Records for this exercise Start Marker

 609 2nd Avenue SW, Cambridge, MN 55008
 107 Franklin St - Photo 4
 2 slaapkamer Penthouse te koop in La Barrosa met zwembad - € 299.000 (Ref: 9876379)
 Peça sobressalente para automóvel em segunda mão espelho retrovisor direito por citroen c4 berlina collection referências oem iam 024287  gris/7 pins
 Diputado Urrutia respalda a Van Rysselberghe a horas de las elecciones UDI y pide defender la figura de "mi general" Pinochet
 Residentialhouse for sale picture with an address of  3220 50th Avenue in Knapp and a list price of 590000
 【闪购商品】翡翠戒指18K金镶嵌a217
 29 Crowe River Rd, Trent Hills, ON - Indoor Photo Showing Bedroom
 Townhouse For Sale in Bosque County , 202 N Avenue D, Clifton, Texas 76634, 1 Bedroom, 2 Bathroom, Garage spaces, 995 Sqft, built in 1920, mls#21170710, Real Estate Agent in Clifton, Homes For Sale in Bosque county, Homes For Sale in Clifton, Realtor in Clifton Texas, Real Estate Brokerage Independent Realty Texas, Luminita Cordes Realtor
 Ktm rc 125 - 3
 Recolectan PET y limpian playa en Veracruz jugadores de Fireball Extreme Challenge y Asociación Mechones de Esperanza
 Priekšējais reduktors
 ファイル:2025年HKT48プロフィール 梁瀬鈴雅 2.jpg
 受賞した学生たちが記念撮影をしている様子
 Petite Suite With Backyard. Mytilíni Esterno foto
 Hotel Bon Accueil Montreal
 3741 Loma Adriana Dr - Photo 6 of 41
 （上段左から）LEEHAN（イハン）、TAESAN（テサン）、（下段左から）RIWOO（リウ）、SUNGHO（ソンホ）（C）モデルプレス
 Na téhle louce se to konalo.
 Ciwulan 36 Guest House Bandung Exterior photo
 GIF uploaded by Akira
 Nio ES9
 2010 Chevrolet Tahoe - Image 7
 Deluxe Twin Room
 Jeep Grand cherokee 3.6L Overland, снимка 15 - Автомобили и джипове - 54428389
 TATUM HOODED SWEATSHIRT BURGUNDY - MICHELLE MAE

Records for this exercise End Marker

- **The problem**: Repeat every record exactly as written, please.

- **Written solution**:
 609 2nd Avenue SW, Cambridge, MN 55008
 107 Franklin St - Photo 4
 2 slaapkamer Penthouse te koop in La Barrosa met zwembad - € 299.000 (Ref: 9876379)
 Peça sobressalente para automóvel em segunda mão espelho retrovisor direito por citroen c4 berlina collection referências oem iam 024287  gris/7 pins
 Diputado Urrutia respalda a Van Rysselberghe a horas de las elecciones UDI y pide defender la figura de "mi general" Pinochet
 Residentialhouse for sale picture with an address of  3220 50th Avenue in Knapp and a list price of 590000
 【闪购商品】翡翠戒指18K金镶嵌a217
 29 Crowe River Rd, Trent Hills, ON - Indoor Photo Showing Bedroom
 Townhouse For Sale in Bosque County , 202 N Avenue D, Clifton, Texas 76634, 1 Bedroom, 2 Bathroom, Garage spaces, 995 Sqft, built in 1920, mls#21170710, Real Estate Agent in Clifton, Homes For Sale in Bosque county, Homes For Sale in Clifton, Realtor in Clifton Texas, Real Estate Brokerage Independent Realty Texas, Luminita Cordes Realtor
 Ktm rc 125 - 3
 Recolectan PET y limpian playa en Veracruz jugadores de Fireball Extreme Challenge y Asociación Mechones de Esperanza
 Priekšējais reduktors
 ファイル:2025年HKT48プロフィール 梁瀬鈴雅 2.jpg
 受賞した学生たちが記念撮影をしている様子
 Petite Suite With Backyard. Mytilíni Esterno foto
 Hotel Bon Accueil Montreal
 3741 Loma Adriana Dr - Photo 6 of 41
 （上段左から）LEEHAN（イハン）、TAESAN（テサン）、（下段左から）RIWOO（リウ）、SUNGHO（ソンホ）（C）モデルプレス
 Na téhle louce se to konalo.
 Ciwulan 36 Guest House Bandung Exterior photo
 GIF uploaded by Akira
 Nio ES9
 2010 Chevrolet Tahoe - Image 7
 Deluxe Twin Room
 Jeep Grand cherokee 3.6L Overland, снимка 15 - Автомобили и джипове - 54428389
 TATUM HOODED SWEATSHIRT BURGUNDY - MICHELLE MAE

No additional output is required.